Capital raised by tech company
What’s the level of investment needed to build a tech company that goes public? The data and observations from 151 tech IPOs are below.
Software businesses needed $137mm of equity. On median, publicly traded software companies raised $137mm through their Series D before going public. Note the average equity raised of the 11 companies that IPO’d in 2019 is much higher at $425mm. Building a software business is getting more expensive, they’re going deeper into private fundraising (Slack raised through a Series H), and newer software is taking on average 11 years to exit which is in line with the median of the entire data set (10 years). Software companies are not staying private longer, they’re just raising a lot more money before going public to get a lot bigger; the average revenue of the 2019 IPO’s is $207mm versus a median of $107mm for all software companies.
Social Media raises the most. Social media companies on median didn’t exit until after their Series F and raised on median $1.8bln of equity. Linkedin was the baby of the group raising only $117mm of equity through the Series D before going public. Note Facebook and Snap took in $3.2bln and $2.7bln before going public.

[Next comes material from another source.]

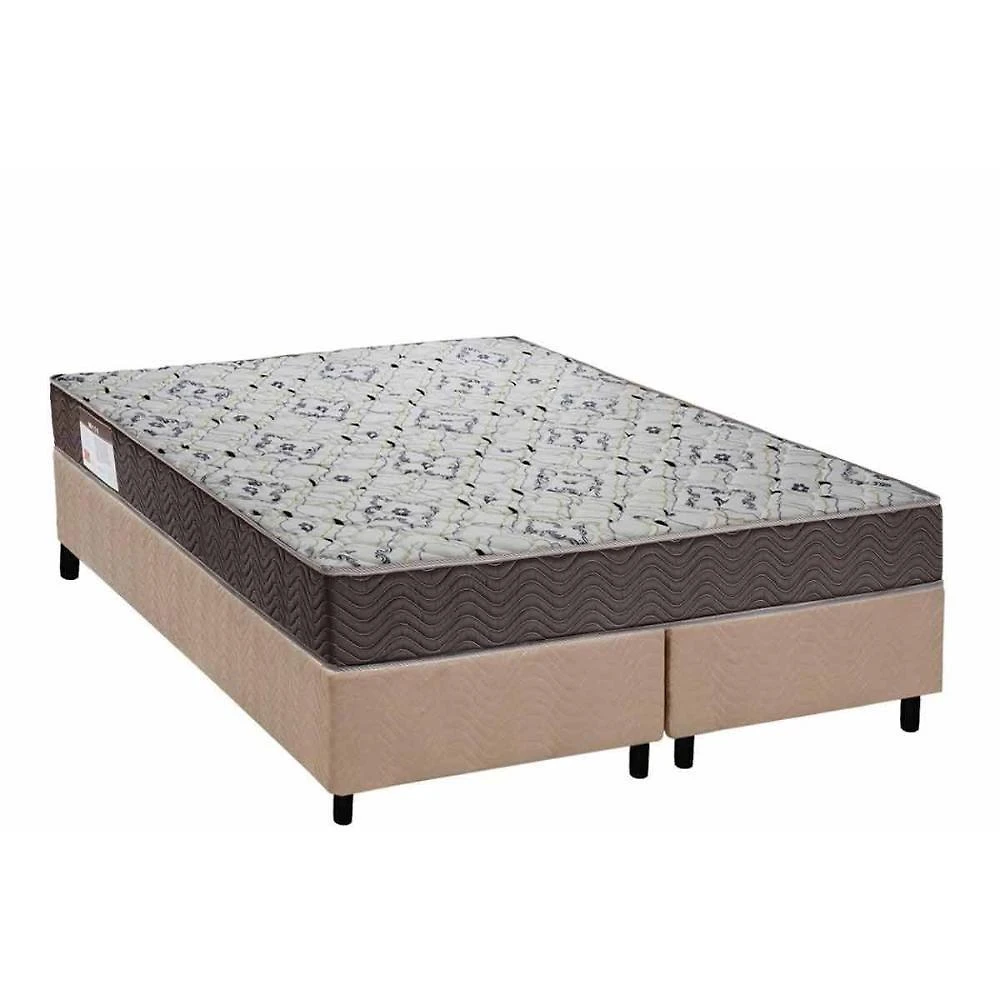 Cama Box Queen: Colchão Ortopédico Ortobom D45 Iso 150 Mega Firme + Base Crc Suede Clean (158x198)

Gaming and Ecommerce are efficient. Relative to other tech peers, these companies raised far less equity prior to going public: $103mm and $80mm respectively. The gaming sector raised only through the Series B while E-commerce went public after the Series C. The sectors IPO’d 6 to 8 years after founding. Even newer ecommerce businesses like Blue Apron and Stitch Fix took only 4 and 6 years respectively, although note Blue Apron went through $200mm of equity and $94mm of debt to get there.
Hardware is a similar story. Hardware companies raised only $83mm of equity on median, exited after 11 years, and did so after the Series D. Roku and Sonos required 16 and 14 years to exit raising $239mm and $314mm, respectively. Peloton needed only 7 years, but plowed through $1bln.